- The pandemic has wrecked worldwide trade; it has provided China’s local wine sector a much-needed boost.
- Exports to mainland China will fall from $419 million in 2020 to $13 million in 2021 due to tariffs ranging from 116 to 218 percent.
The human toll and economic cost of Covid-19 have been staggering, including for the global wine trade. But it has also meant opportunity for some, with China’s struggling producers among them, says an article published in Wine searcher.
Producers have improved their quality dramatically over the last decade, earning thousands of awards from competitions such as Concours Mondial and Decanter, as well as praise from experts such as Jancis Robinson and James Suckling. China also has a top-three wine education industry, a growing niche of customers interested in items such as craft beer and spirits, and a robust e-commerce sector. Despite heavy investments in quality and marketing by the local wine industry, customers have been fickle. Production has dropped by more than half since 2015, with industry revenue accounting for less than 3% of Baijiu, the country’s national spirit.

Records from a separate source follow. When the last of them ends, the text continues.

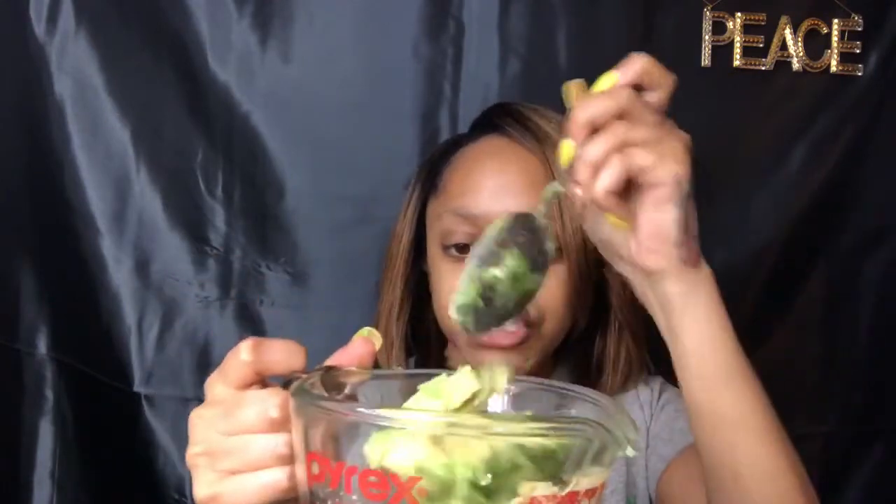I'm gonna spoon out the avocado. It's soft, not hard or anything. What you want to do is mash it and make sure it's really not clumpy at all — you want to get as many clumps out as possible.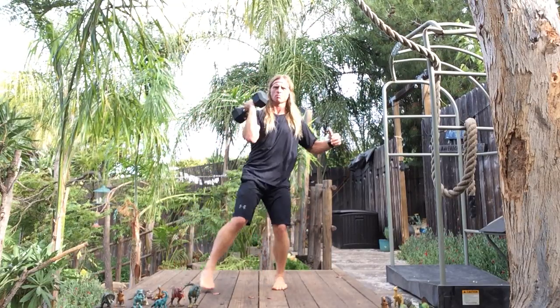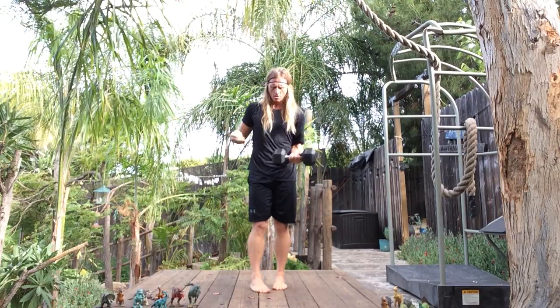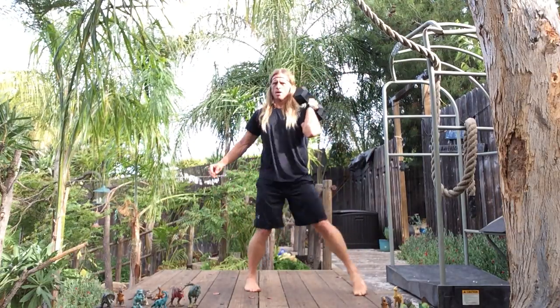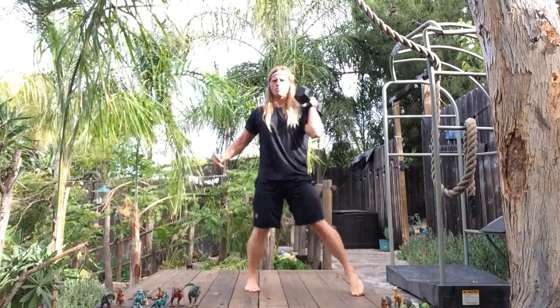Same side rotation and press. We have an LNI to LWI. Funnel plane press.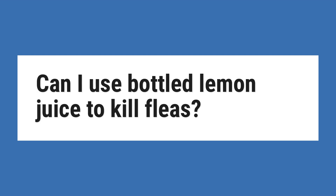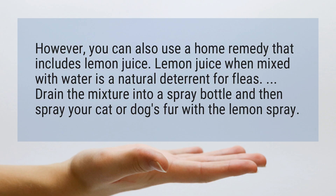Can I use bottled lemon juice to kill fleas? However, you can also use a home remedy that includes lemon juice. Lemon juice when mixed with water is a natural deterrent for fleas.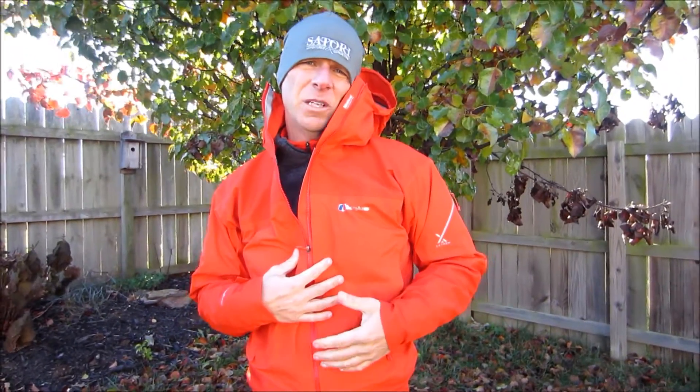Having used various different jackets over the years, this jacket to me is kind of the best of both worlds. It gives you the durability of a three-layer hard shell jacket, but yet the breathability of maybe a two-layer hard shell jacket. So for me, I really like this jacket — it's my go-to jacket now when it comes to hard shells. If you're looking for a hard shell, definitely check out the Burgos Baffin Island Jacket.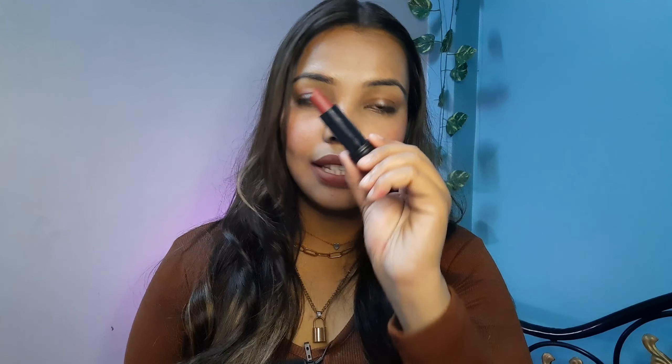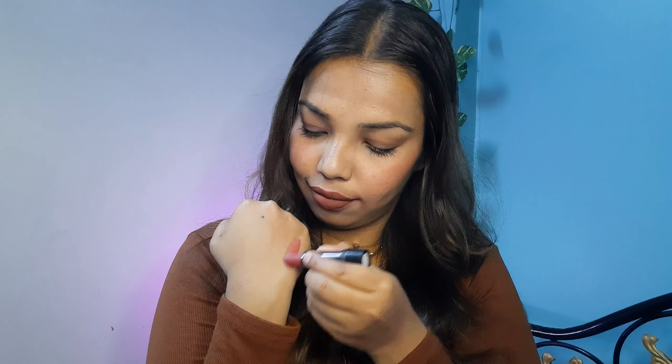Along with all of them, I also got this L18 Colourpop Matte Lipstick in shade R36 Maroon City. It's a beautiful shade and I'm happy with it.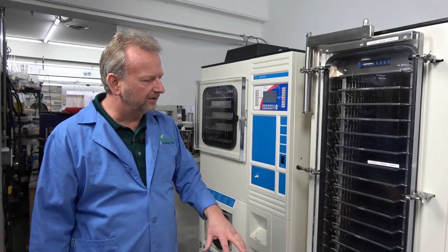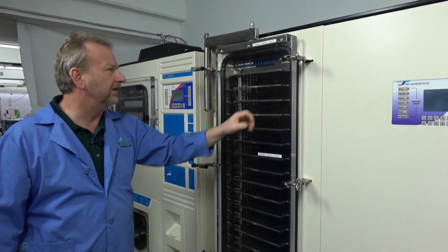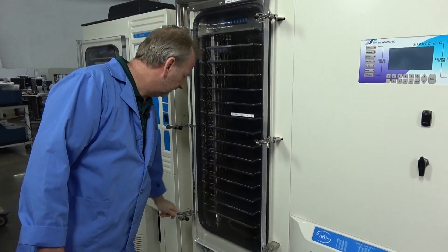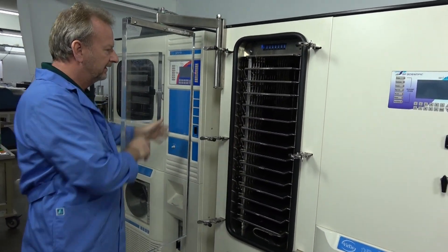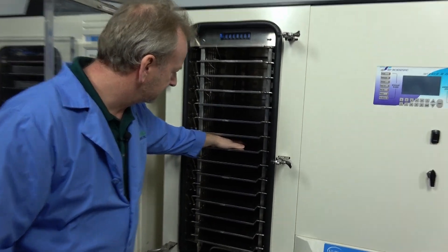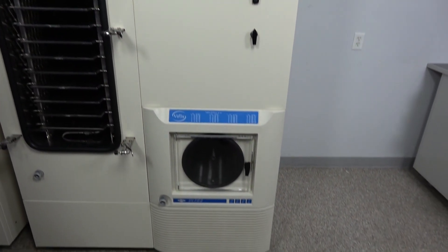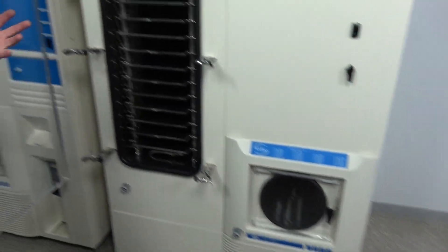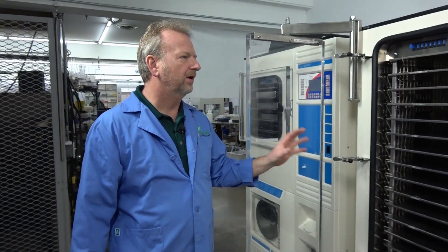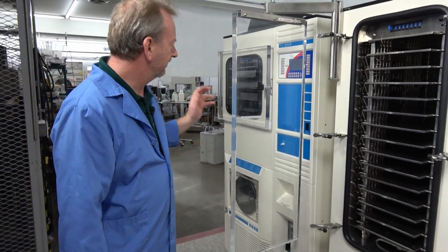This Ultra has a big swing-open door that gives you plenty of room to get in and fill up all the trays. There's plenty of room in the condenser too — you can run this one for days on end with no problem, freeze drying a lot of samples. This would be the last step before moving to full production scale.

For one reason, the market for foreign wines has become more competitive. For some, the threat is existential, as seen by Chinese duties on Australian bottled wine in March, which coincided with Canberra’s call for an investigation into Covid’s origins and did not go over well in Beijing. Wine Australia says that exports to mainland China fell from $419 million in the first half of 2020 to $13 million in 2021 due to tariffs ranging from 116 to 218 percent.

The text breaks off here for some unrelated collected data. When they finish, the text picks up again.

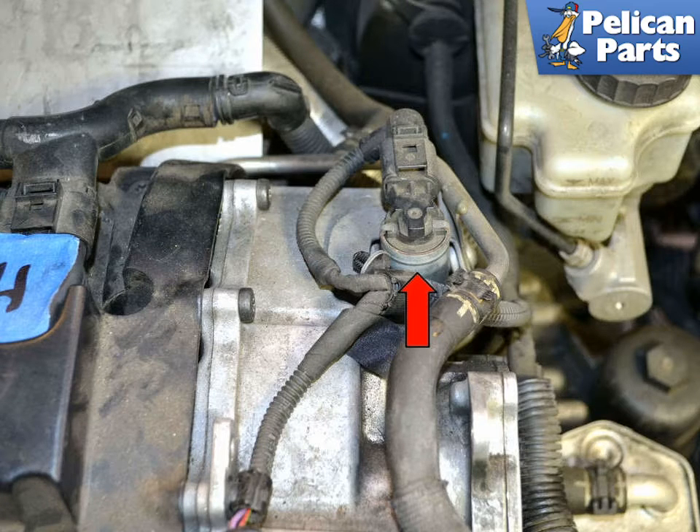The sensor is held in place with two T20 Torx screws. Note the battery has been removed for photographic purposes, but you do not need to remove the battery to perform this work.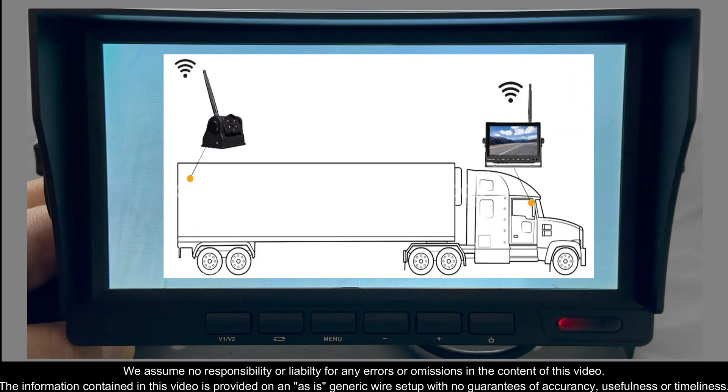Hello. I'm going to quickly show you how to enable your backup line grids.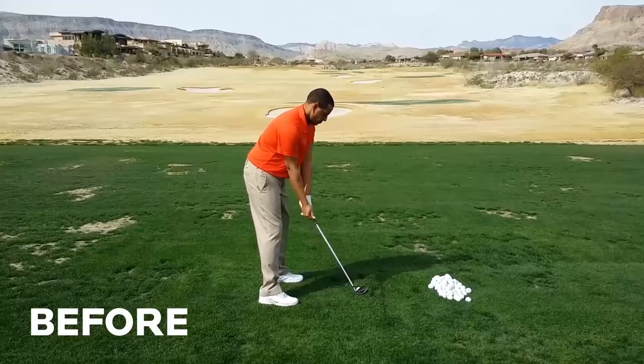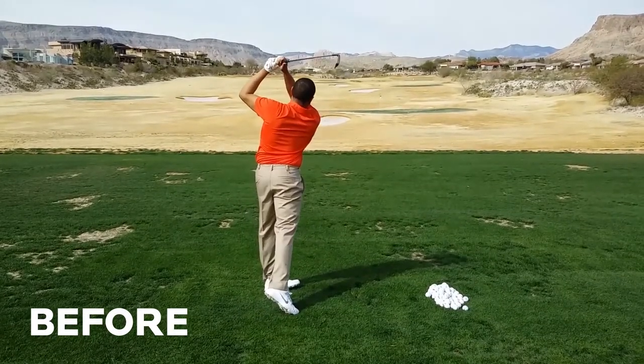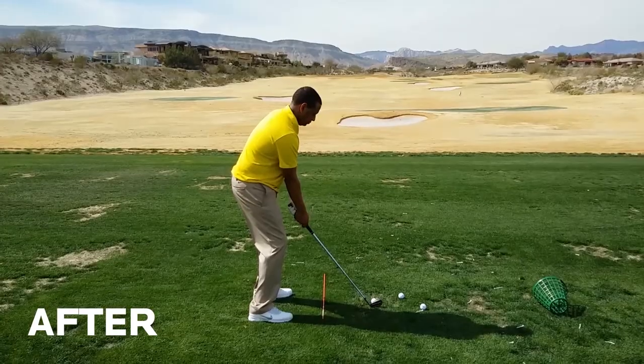Hi, I'm Paul Wilson, creator of The Body Swing. Check this out. Here's a before and after comparison of an average golfer named Shomari who came to me to learn the body swing.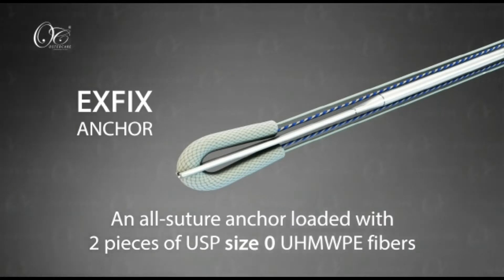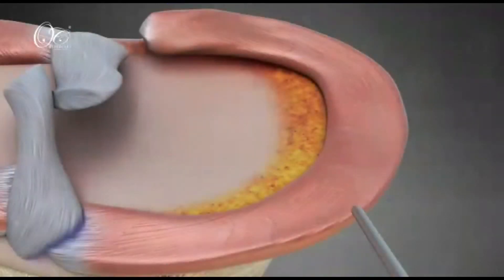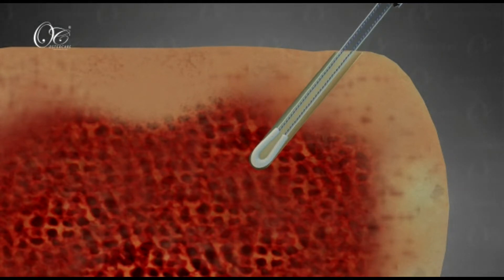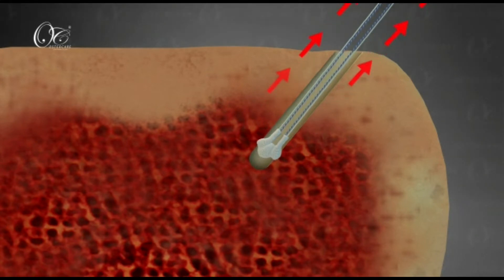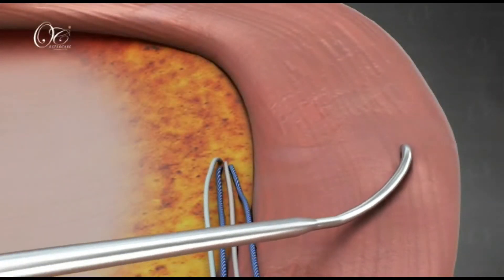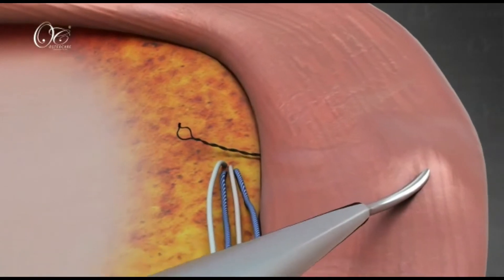It is an all suture anchor which is loaded with number 0 wire. We use a high anteromedial portal to insert the anchor into the anteromedial aspect of the tibia. Once the anchor is inserted into the desired location, there are four suture limbs which are coming out of the anchor and the anchor flowers up, leading to a very good fixation strength.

Importers face a series of difficulties. Not only is the cost of shipping wine to China rising, but importers are also dealing with departure and customs delays, which can result in expenditures ranging from reefer containers being plugged in for extra weeks to sales being missed due to wine being late for, say, Christmas sales. (On the social media platform WeChat, Ziegler’s shipping executive Florian Chaoloine quipped that bottle labels should declare that wine was aged 12 months in wood and six months in a shipping container.) Due to China’s zero tolerance for Covid, delays can occur at any time.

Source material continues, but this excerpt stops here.